Look at the countries of the European Union itself.

Notwithstanding broadly harmonised regulatory systems, and economies that are, to a significant degree, integrated, the EU continues to show a diversity of results on many of these measures.

When you look at countries like New Zealand and Australia, on the one hand, alongside any particular European, Asian or North American economy, the differences are inevitably even larger.

Bearing in mind the differences between countries in population distribution, the extent of central and local government subsidies for telecommunications infrastructure, the intensity of platform competition, as well as variations in regulatory systems themselves, we should not be surprised by differences in outcomes.

I can illustrate the impact of regulatory differences with a couple of topical examples.

Mobile termination
The first example is the regulation of calls from landlines to mobile phones.

Recently, the Commission reported to the Minister of Communications on the outcome of our investigation into regulation of mobile termination.

As you know, we concluded that there were competition problems.

The wholesale market for termination of voice calls to mobiles is essentially operator-specific, and there is little incentive to restrain prices.

This is linked in turn to insufficient competition in downstream retail markets.

The Commission therefore recommended to the minister that the termination of voice calls from landlines to mobiles should be regulated.

That conclusion is closely aligned with the views taken by regulators in various other jurisdictions such as the European Union, UK and Australia.

Those countries all reached a similar conclusion on the welfare benefits of regulating landline-to-mobile calls.

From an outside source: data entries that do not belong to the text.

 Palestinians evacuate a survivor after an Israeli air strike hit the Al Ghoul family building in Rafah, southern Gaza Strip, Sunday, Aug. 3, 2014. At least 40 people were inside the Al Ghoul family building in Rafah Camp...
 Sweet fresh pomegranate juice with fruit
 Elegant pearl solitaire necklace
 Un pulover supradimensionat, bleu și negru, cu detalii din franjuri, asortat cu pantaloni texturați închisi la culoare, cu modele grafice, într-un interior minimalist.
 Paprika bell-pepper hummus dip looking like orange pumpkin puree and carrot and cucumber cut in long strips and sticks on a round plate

But regulators in those jurisdictions have come to slightly different conclusions about the extent of regulation and whether or not it should include new 3G networks.

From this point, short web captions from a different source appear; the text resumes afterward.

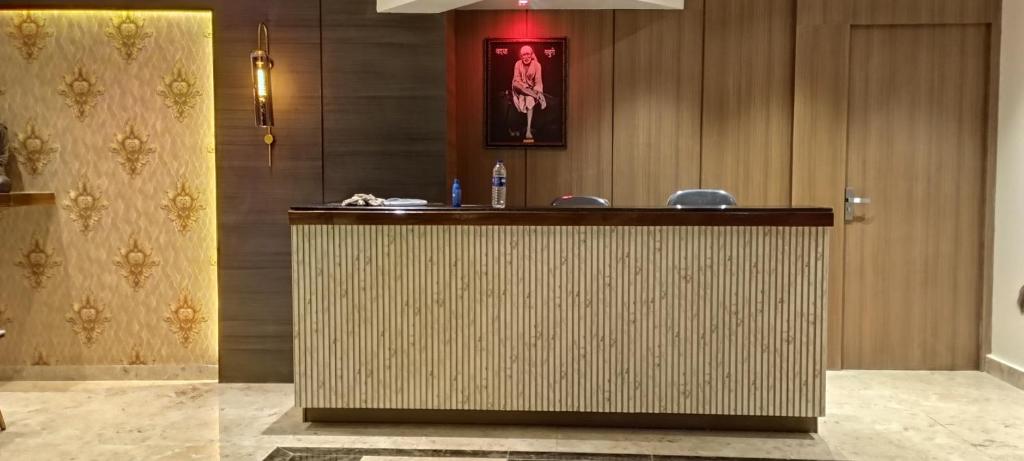 巴德拉普尔Sun Bright Residency Badlapur的大堂的前台,墙上挂着照片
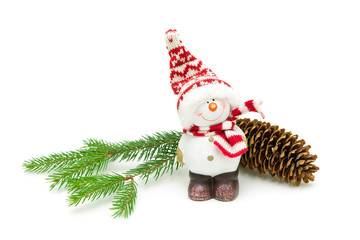 toy snowman and fir-cone on a branch on a white background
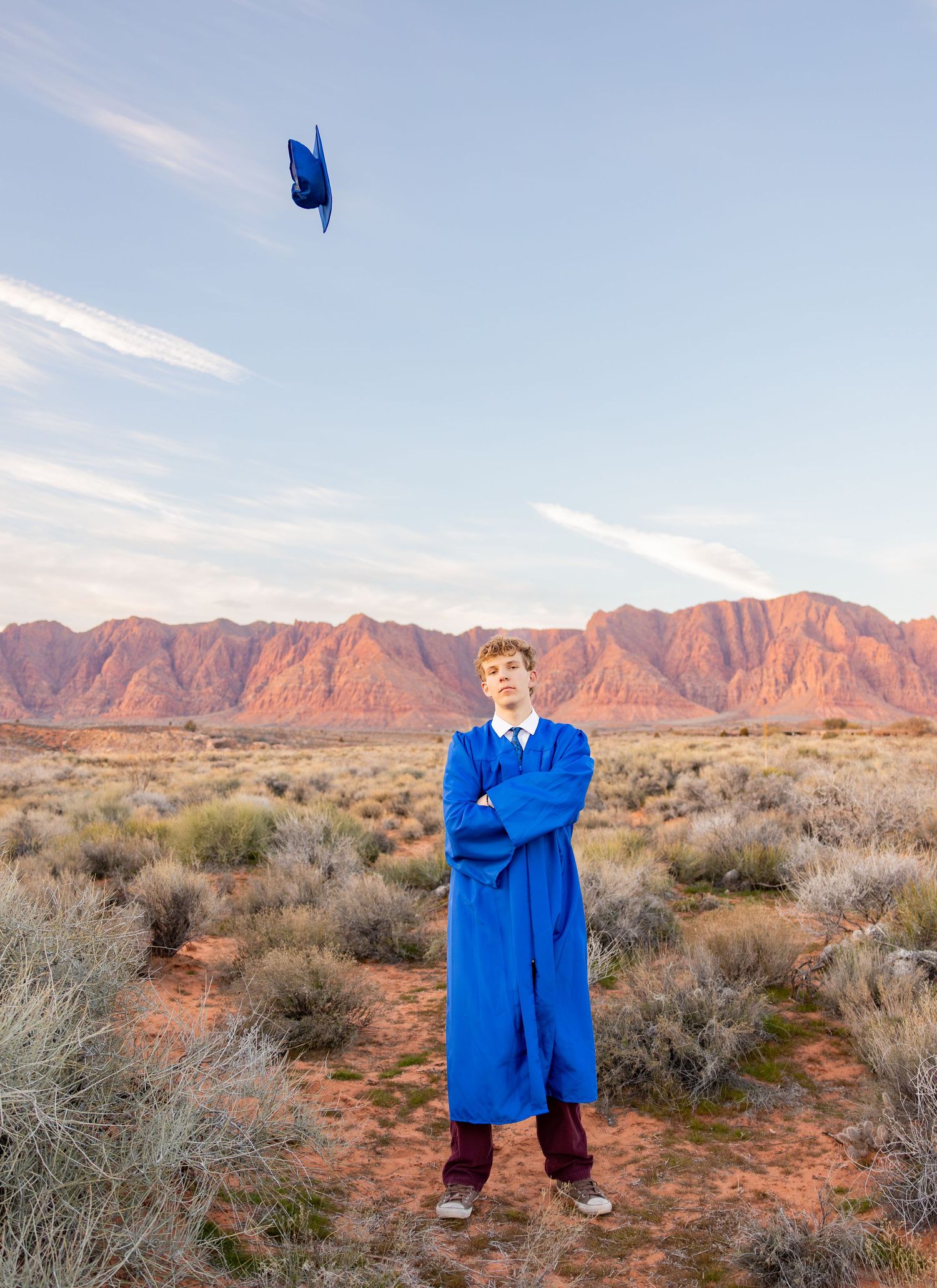A senior graduate threw his graduation cap into the air in front of the stunning red rock mountains in Saint George, Utah.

Our recommendation was that there were risks in regulation of 3G voice call terminations.

Vodafone has not yet launched its 3G network and potential new entrants are in the wings.

Regulators always face a problem balancing the objective of encouraging new investment, on the one hand, and on the other hand, preserving access for competitors to critical infrastructure to allow them to compete at retail.

It's a difficult area of regulatory policy.   Regulators often draw the line in different places.   But the need to ensure that there are strong incentives to invest is a well-accepted principle.   In the long-term, there are likely to be more benefits to consumers from investment and resulting innovation than from regulated price falls.

Some countries, Australia among them, have regulated all mobile voice services, without distinguishing between 2 and 3G networks.

The ACCC has argued that changes in investment decisions at the margin based on a more efficient pricing structure for mobile termination would be consistent with the promotion of efficient investment.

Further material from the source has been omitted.